DATA SECTION →
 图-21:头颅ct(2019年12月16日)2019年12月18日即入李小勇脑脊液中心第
...
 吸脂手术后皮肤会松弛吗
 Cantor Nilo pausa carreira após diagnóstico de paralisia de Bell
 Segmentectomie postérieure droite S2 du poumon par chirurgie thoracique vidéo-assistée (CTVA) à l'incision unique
--
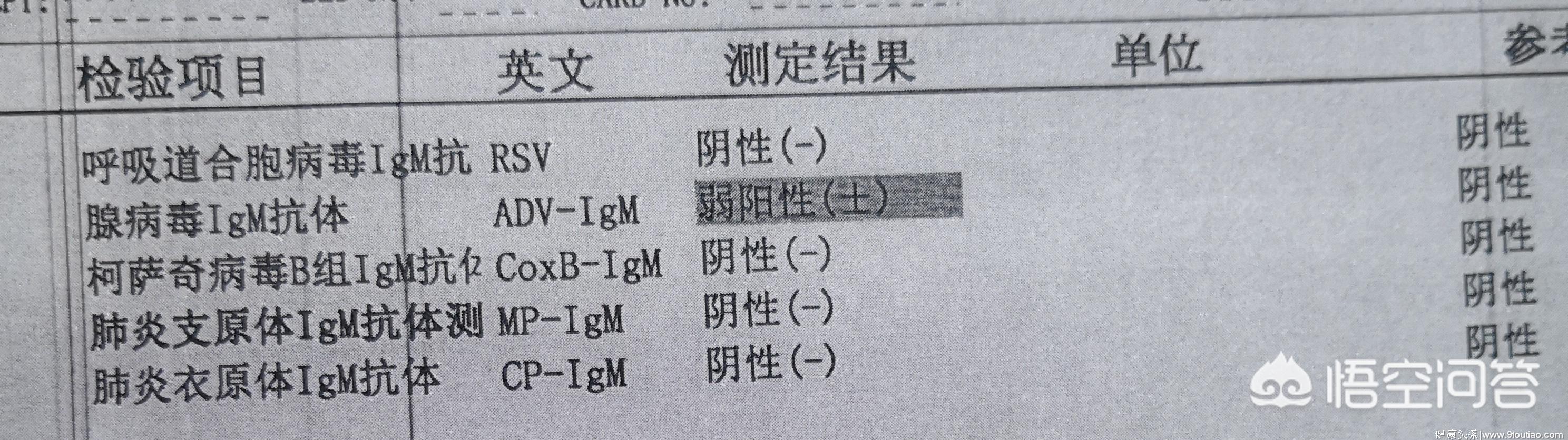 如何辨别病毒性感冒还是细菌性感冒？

AIM OF THE TASK → Could you restate word for word the lines above from the one containing "吸脂手术后皮肤会松弛吗" through the one containing "Segmentectomie postérieure droite", both included, and nothing else?

RESPONSE →
 吸脂手术后皮肤会松弛吗
 Cantor Nilo pausa carreira após diagnóstico de paralisia de Bell
 Segmentectomie postérieure droite S2 du poumon par chirurgie thoracique vidéo-assistée (CTVA) à l'incision unique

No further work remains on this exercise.